Collected data entries:
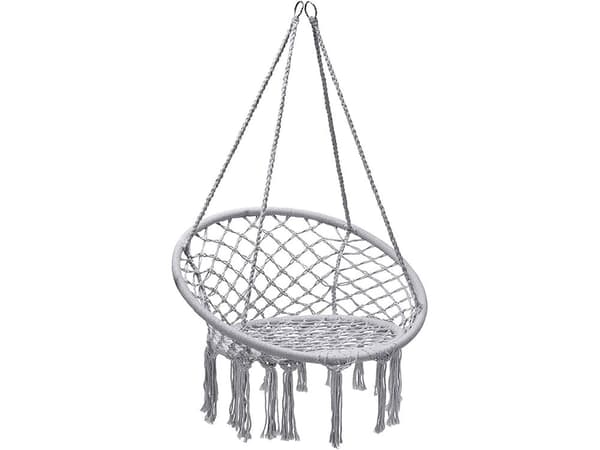 Hängande fåtölj hängstol boho grå max 120 kg sittbredd 60 cm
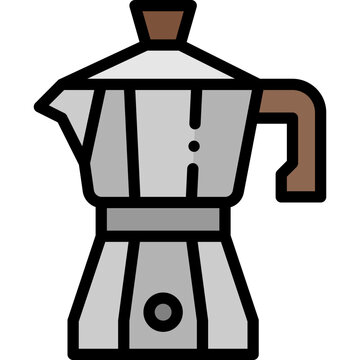 recommend clip art: moka pot filled outline icon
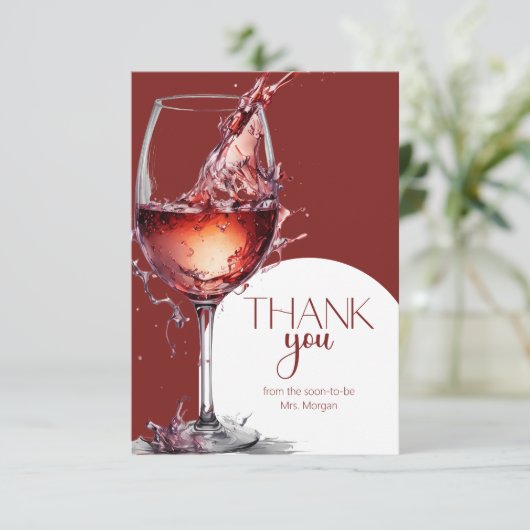 赤ワインのグラスブライダルシャワーありがとう カード (スタンド正面)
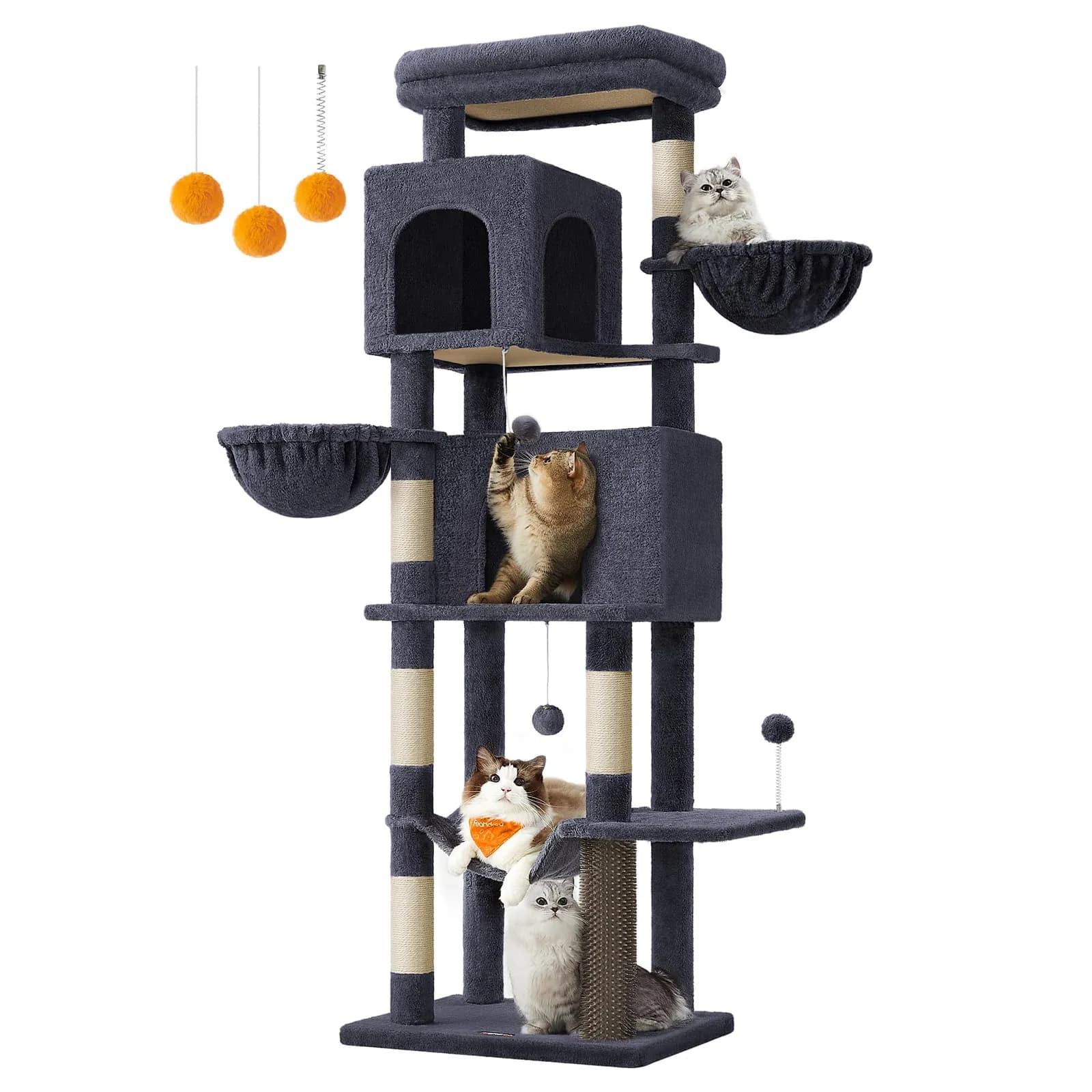 Árbol para gatos Feandrea 175 cm, multinivel con accesorios, gris oscuro PCT182G02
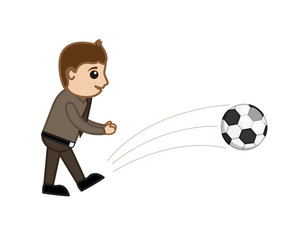 Happy Businessman Kicking a Ball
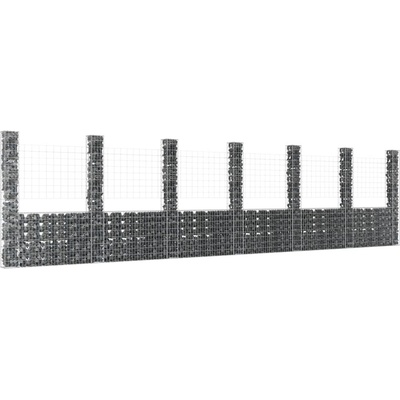 vidaXL Gabionový koš ve tvaru U se 7 sloupky železo 740 x 20 x 200 cm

What you need to do »
Counting the line with "Happy Businessman Kicking a Ball" and the last line of the data above, transcribe those two lines and every line between them exactly, without the pictures.

Finished exercise »
 Happy Businessman Kicking a Ball
 vidaXL Gabionový koš ve tvaru U se 7 sloupky železo 740 x 20 x 200 cm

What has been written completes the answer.